Exercise details: Everything from the line that contains "LA QUESTION D’ESPAGNE INCONNUE" to the final line of the data, both ends included, must be set down exactly, apart from the pictures.

Available data:
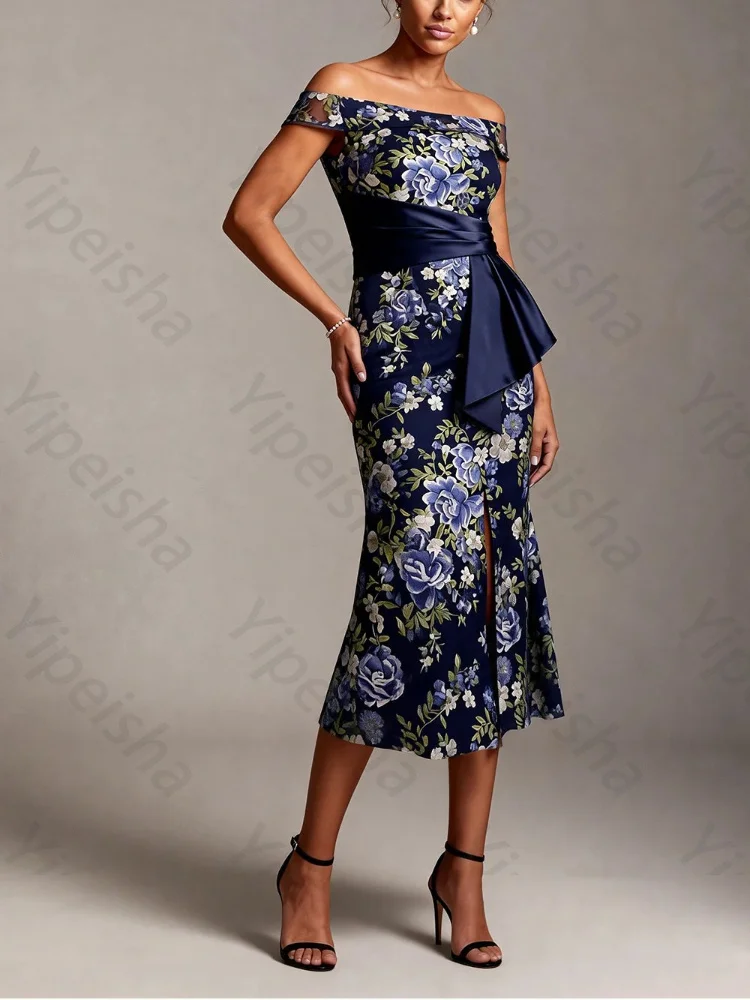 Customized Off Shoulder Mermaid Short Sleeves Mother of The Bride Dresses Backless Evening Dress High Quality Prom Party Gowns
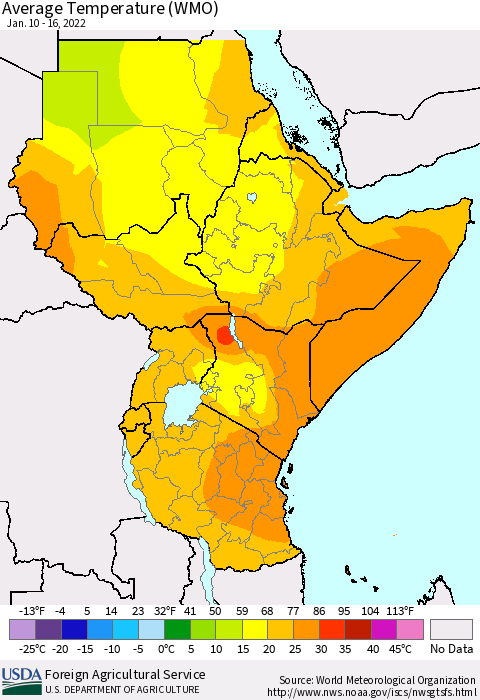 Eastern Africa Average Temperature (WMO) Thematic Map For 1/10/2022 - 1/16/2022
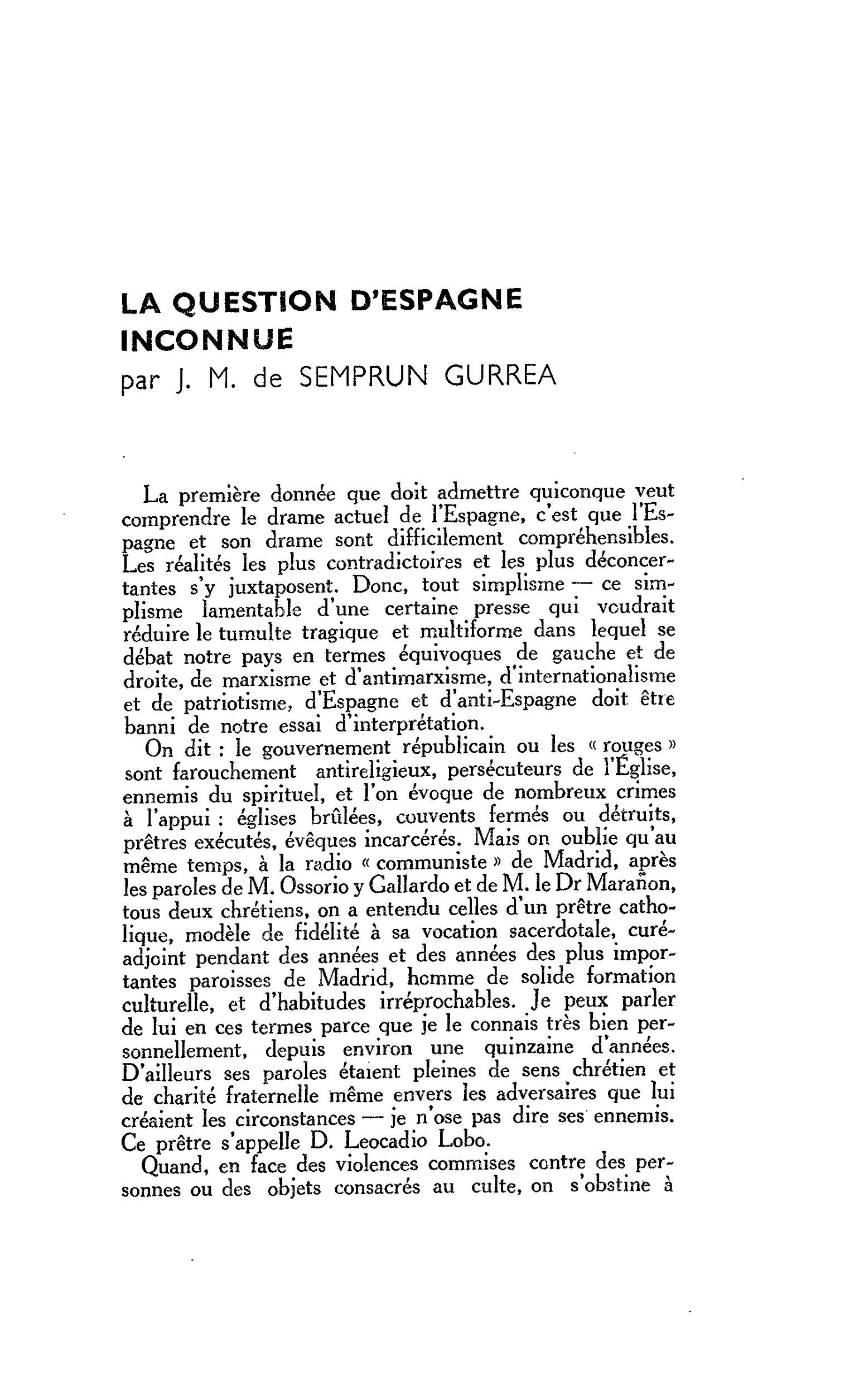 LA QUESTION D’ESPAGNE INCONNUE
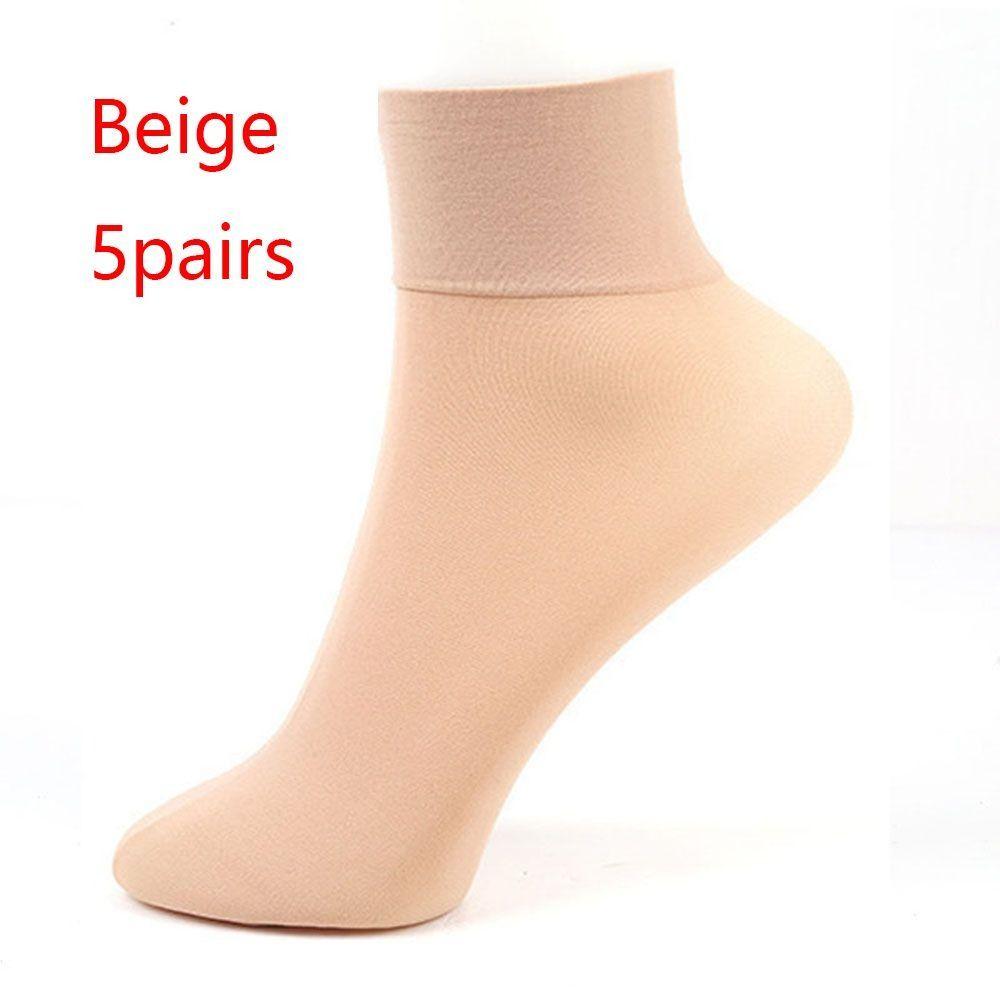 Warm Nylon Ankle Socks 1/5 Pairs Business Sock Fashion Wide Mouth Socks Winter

Expected answer:
 LA QUESTION D’ESPAGNE INCONNUE
 Warm Nylon Ankle Socks 1/5 Pairs Business Sock Fashion Wide Mouth Socks Winter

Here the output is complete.